# Thread: poisson and negative binomial

1. ## poisson and negative binomial

If X has Poisson distribution with the mean of 2.3, Y has Negative Binomial
distribution with p = 0.62 and k = 4, and X and Y are independent,
find Pr(X + Y > 5).
Hint: Use probability generating function.

I would usually fill in on what I have tried so far, but even with the hint here I can't seem to get started. Any help is appreciated

2. Originally Posted by chrisc
If X has Poisson distribution with the mean of 2.3, Y has Negative Binomial
distribution with p = 0.62 and k = 4, and X and Y are independent,
find Pr(X + Y > 5).
Hint: Use probability generating function.

I would usually fill in on what I have tried so far, but even with the hint here I can't seem to get started.

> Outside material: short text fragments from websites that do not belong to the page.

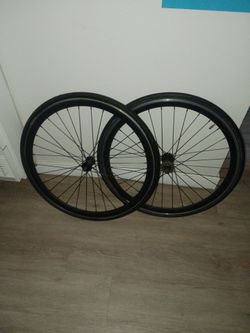 700 x 250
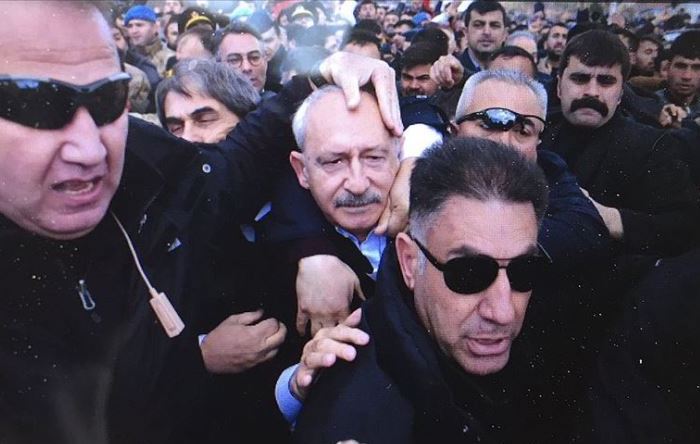Kılıçdaroğlu’na şehit cenazesinde saldırı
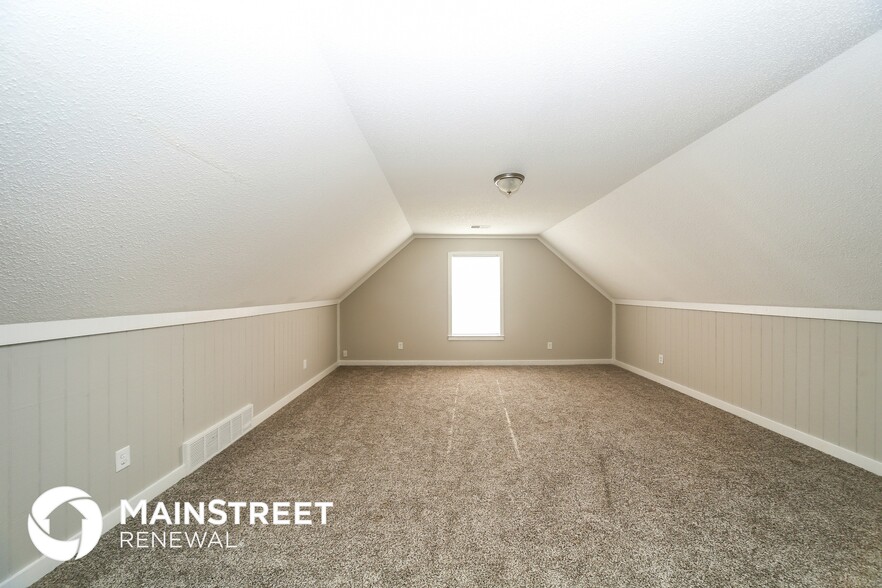 Building Photo - 6800 Cleary Dr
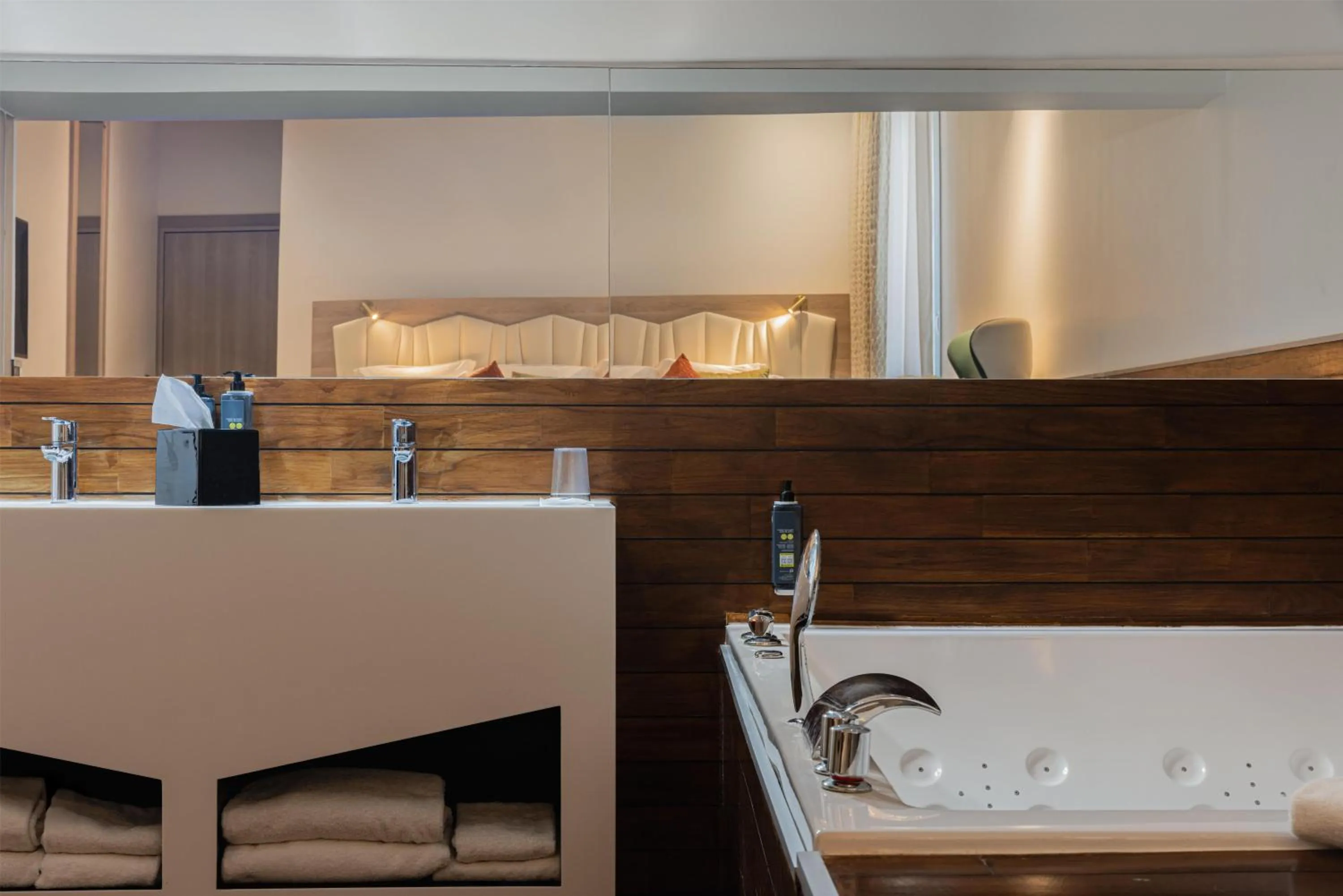 Bathroom in Best Western Plus Comedie Saint Roch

Any help is appreciated
Let $U = X + Y$. Note that $U = 4, 5, 6, \, ....$

$\Pr(U > 5) = 1 - \Pr(U \leq 5) = 1 - \Pr(U = 4) - \Pr(U = 5)$.

Let $g_U(s)$ be the pgf of U.

Then $g_U(s) = g_X(s) \cdot g_Y(s)$ (since X and Y are independent) where $g_X(s)$ is the pgf of X and $g_Y(s)$ is the pgf of Y.

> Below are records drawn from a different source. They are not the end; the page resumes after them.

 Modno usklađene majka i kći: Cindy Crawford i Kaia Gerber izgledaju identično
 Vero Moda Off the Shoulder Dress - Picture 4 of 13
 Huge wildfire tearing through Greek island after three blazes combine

And you should know that $g_X^{(n)}(0) = n! \Pr(U = n)$.

3. Originally Posted by mr fantastic
Let $U = X + Y$. Note that $U = 4, 5, 6, \, ....$

$\Pr(U > 5) = 1 - \Pr(U \leq 5) = 1 - \Pr(U = 4) - \Pr(U = 5)$.

Let $g_U(s)$ be the pgf of U.

Then $g_U(s) = g_X(s) \cdot g_Y(s)$ (since X and Y are independent) where $g_X(s)$ is the pgf of X and $g_Y(s)$ is the pgf of Y.

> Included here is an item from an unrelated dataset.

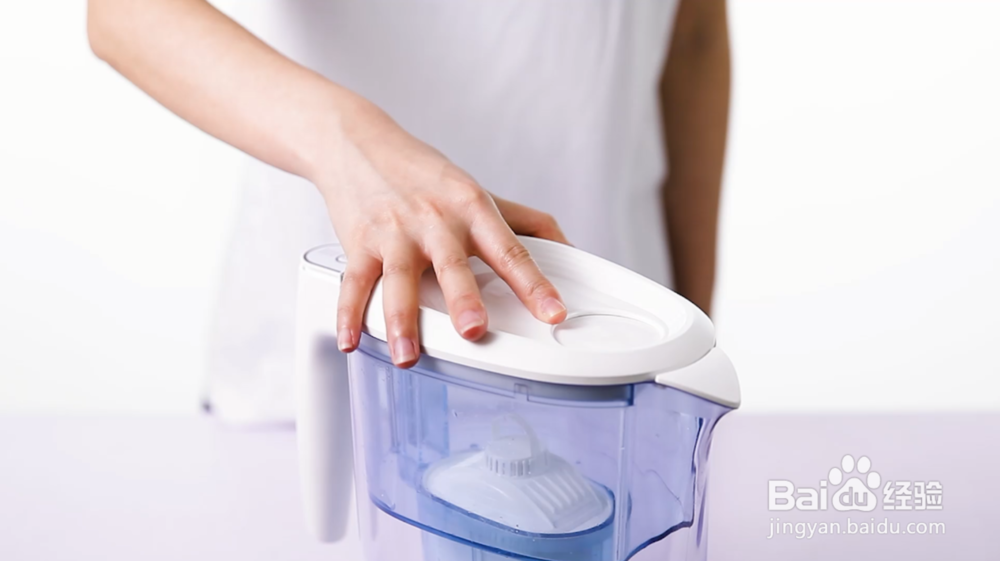 如何安装莱卡直饮净水壶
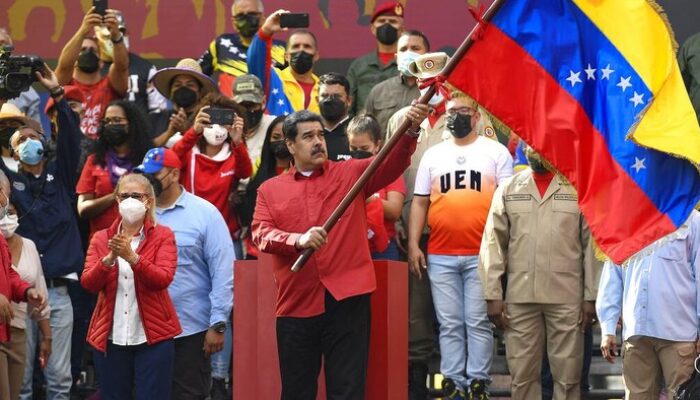“Pertempuran Terbuka: Maduro Siaplawan Militer Trump di Venezuela”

And you should know that $g_X^{(n)}(0) = n! \Pr(U = n)$.
Perhaps an easier way (but not using the pgf) would be to note that

$\Pr(U = 4) = \Pr(X = 0) \cdot \Pr(Y = 4)$

$\Pr(U = 5) = \Pr(X = 0) \cdot \Pr(Y = 5) + \Pr(X = 1) \cdot \Pr(Y = 4)$

since X and Y are independent.